Sometime this year, businesses of all kinds will get a second wind and return for a second life. At the same time, new businesses powered by new people with new dreams will be looking for an opportunity to make their mark. Some of these businesses will insist on new buildings. Most will opt to move into older, existing structures for the sake of conserving resources.
The buyer of a building in poor condition must fight the impulse to blame the seller for the unexpected. In the same way, one can sell a house in poor condition, one can sell a commercial building in poor condition. Proper inspection is required. The buyer is entitled to an honest record of the building’s condition. Even so, many things can be missed.

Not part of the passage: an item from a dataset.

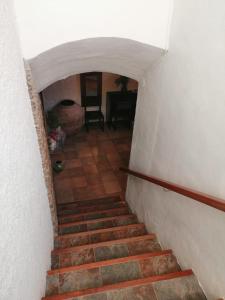 a stairway leading up to a room with a table at CAL BENAIGES in Tartareu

Financial savings are not always a given. Some repairs could wipe out the initial savings. And the liability might bankrupt the business when things go wrong. Don’t be caught by surprise. Buying an old building is risky. Mitigate that risk by doing the following:
Check the Ductworks
Not all aspects of ductwork are covered under a standard building inspection. Damage within that subsystem can result in serious health problems for the people who work in the old building. It might also leave your company open to crippling liability down the road. GE is a case study for taking the problem seriously. They used a versatile pipe inspection robot to improve their ductwork inspection. If converting old buildings into commercial or industrial spaces is a routine part of your business, It will suit you to have inspection robots as a part of your toolkit. If you are counting on third-party inspectors to get the job done properly, be sure they have the right tools for the job. It is critical you know all the issues before signing the contract.
Testing and Abatement
In New York City, the regulations clearly state that testing and abatement is the responsibility of the party doing renovation, alteration, or demolition. One reason a building might be sold for a bargain price is that the current owner suspects a costly abatement procedure might be required. By selling you the old building as is, the asbestos becomes your problem.
You are also responsible for the mold and lead paint you inherited. Every old structure built before the ’70s should be assumed to have asbestos, mold, and lead. This does not have to be a deal-breaker. But it does have to be factored into the purchase.
Be Sure Desired Upgrades Are Possible
Your big, beautiful vision for your business might not be possible in that venerable property you have your eye on. Before you decide to install a business requiring a lot of wireless communications, you need to be sure wifi can be conducted through the walls of the building. You cannot just create cellular signals from nothing. If you are in a cellular dead zone, you might not be able to do anything about that.
If your old building is determined to be a historic landmark, you will find yourself very limited in the types of modifications you are allowed to make. There are other regulatory hurdles to overcome. The property might not be zoned for the kind of business you want. You have to consider your future plans and be sure the property can support those plans.
It is okay to use an old building for your business. Companies do it all the time and for good reason. Just be sure to do your due diligence, first. Check the ductworks. Do testing and abatement. And be sure the building will support your future plans.